- **Work request**
Retype the opening lines of the listing below, ending with the line that contains "45, HAYMOOR, LICHFIELD, WS14", and leave out any pictures.

- **Extracted material**
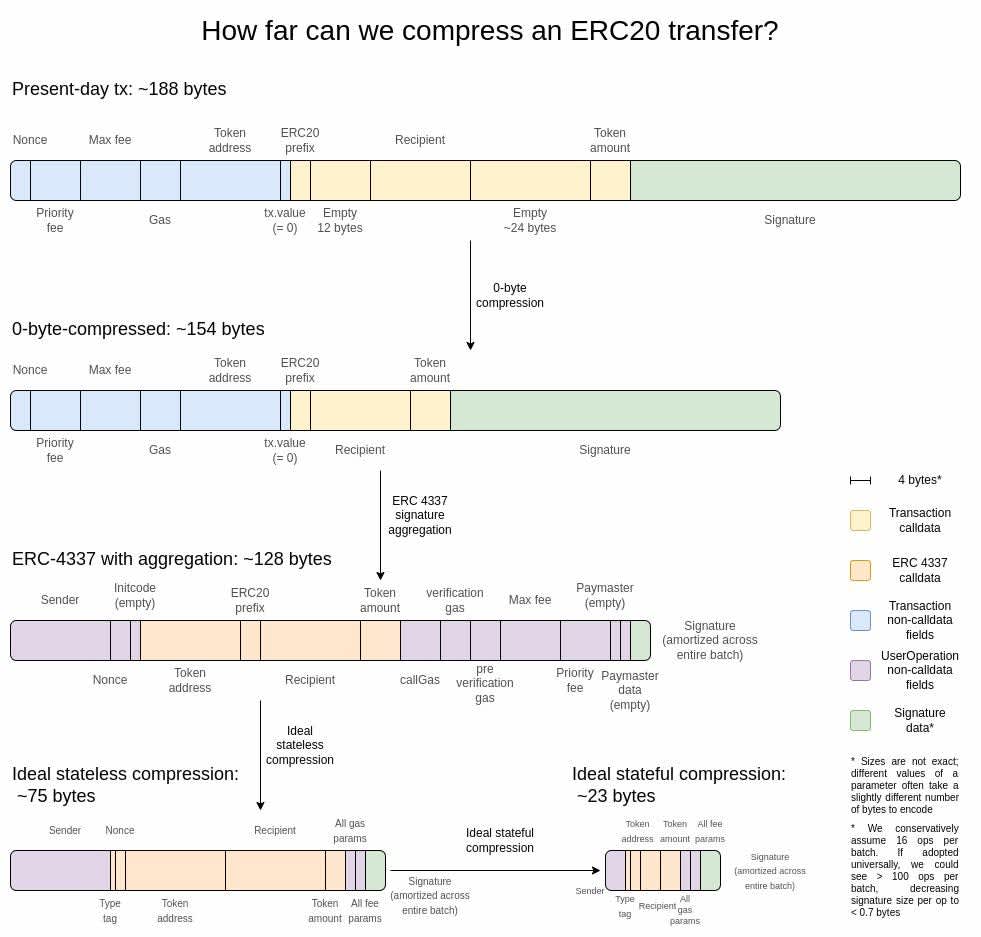 How far can we compress an ERC20 transfer? - diagram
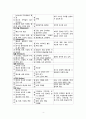 [간호학] 영양 및 위장관 장애 6페이지
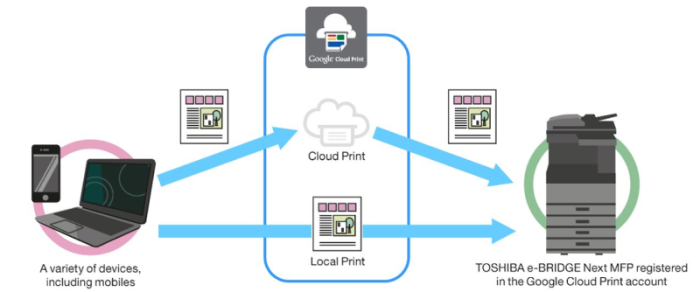 Toshiba Tec Google Cloud Print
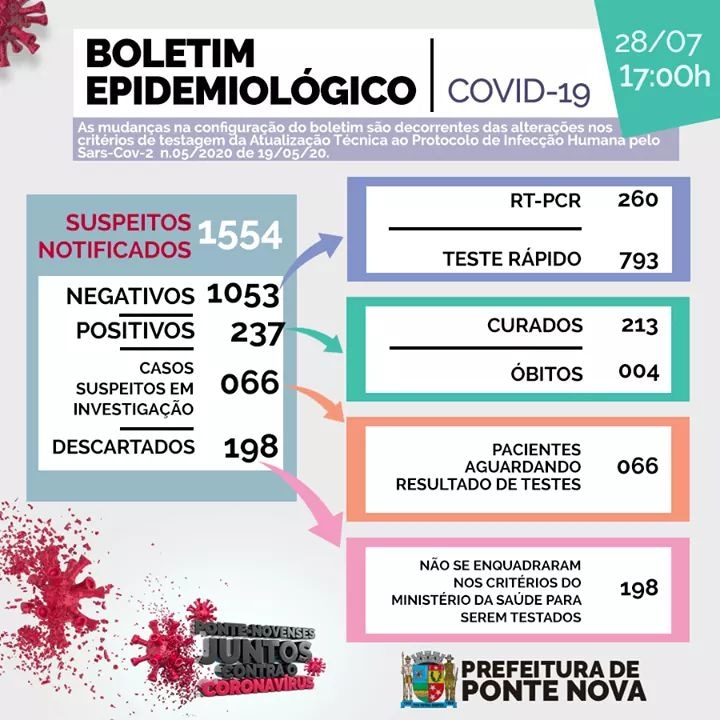 Ponte Nova registra o 237º caso confirmado de COVID-19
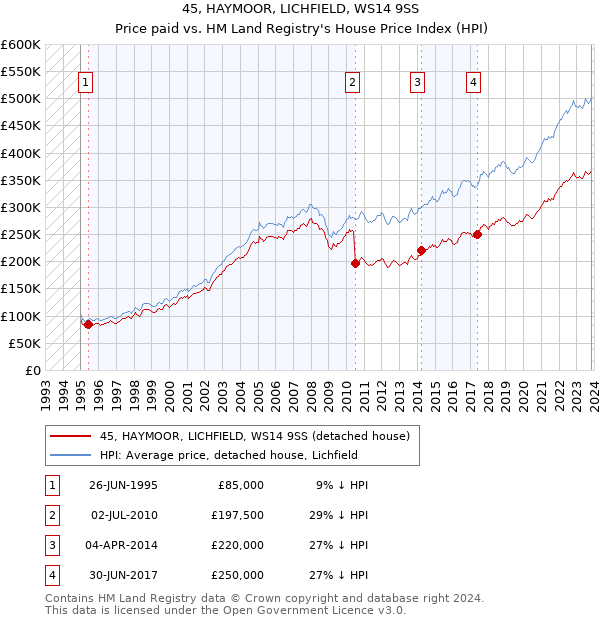45, HAYMOOR, LICHFIELD, WS14 9SS: Price paid vs HM Land Registry's House Price Index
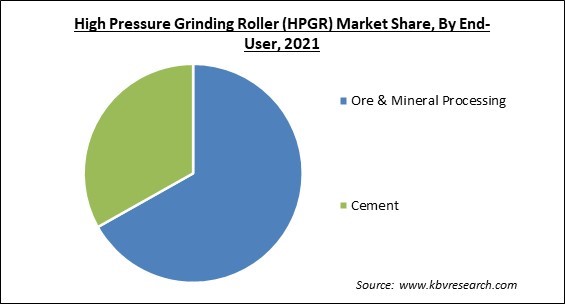 High Pressure Grinding Roller (HPGR) Market Share and Industry Analysis Report 2021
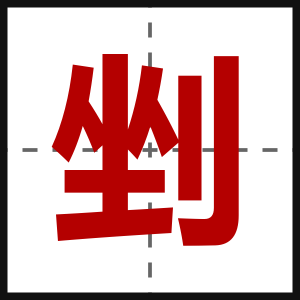 剉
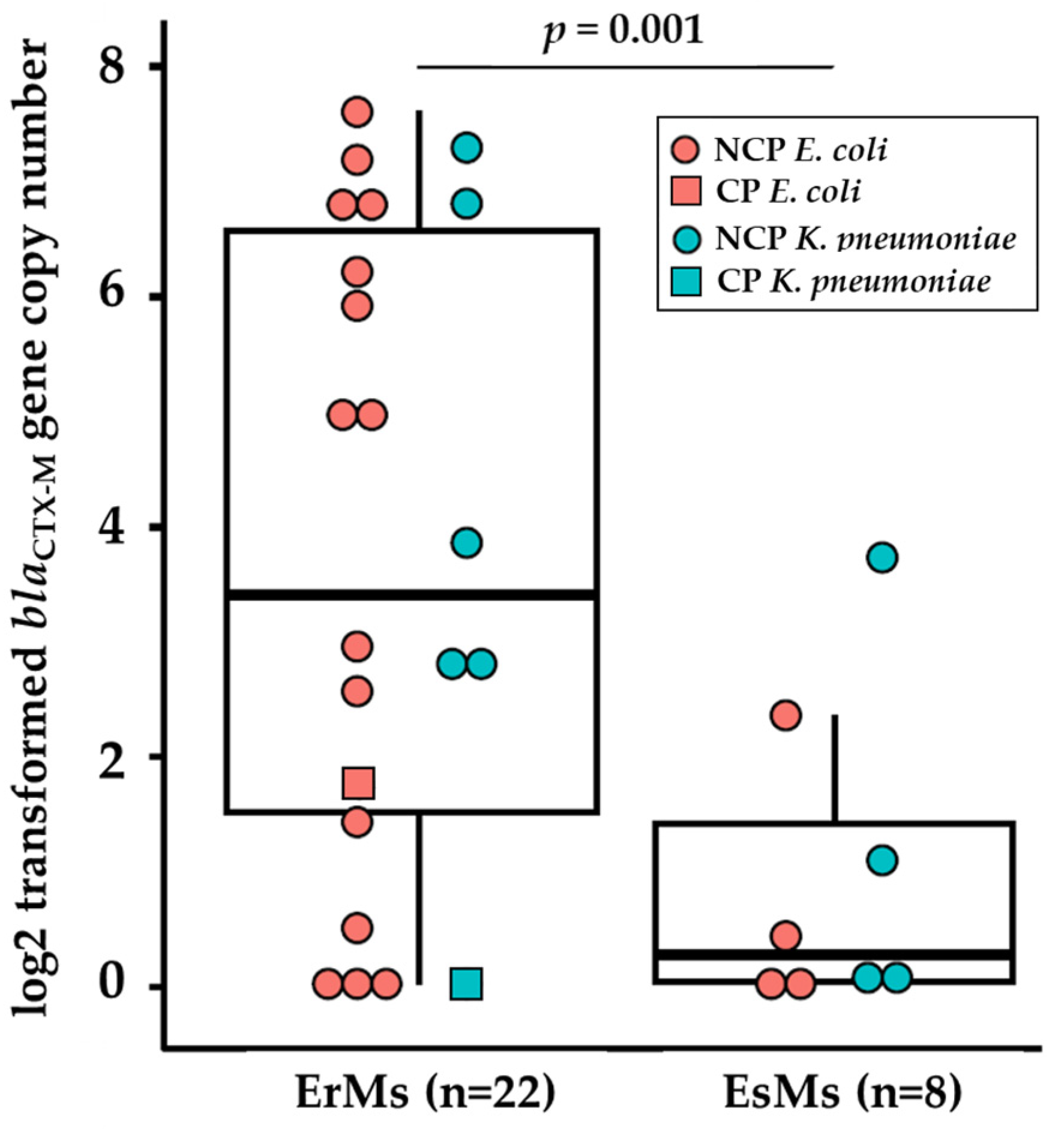 Preprints 95278 g002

- **Task solution**
 How far can we compress an ERC20 transfer? - diagram
 [간호학] 영양 및 위장관 장애 6페이지
 Toshiba Tec Google Cloud Print
 Ponte Nova registra o 237º caso confirmado de COVID-19
45, HAYMOOR, LICHFIELD, WS14 9SS: Price paid vs HM Land Registry's House Price Index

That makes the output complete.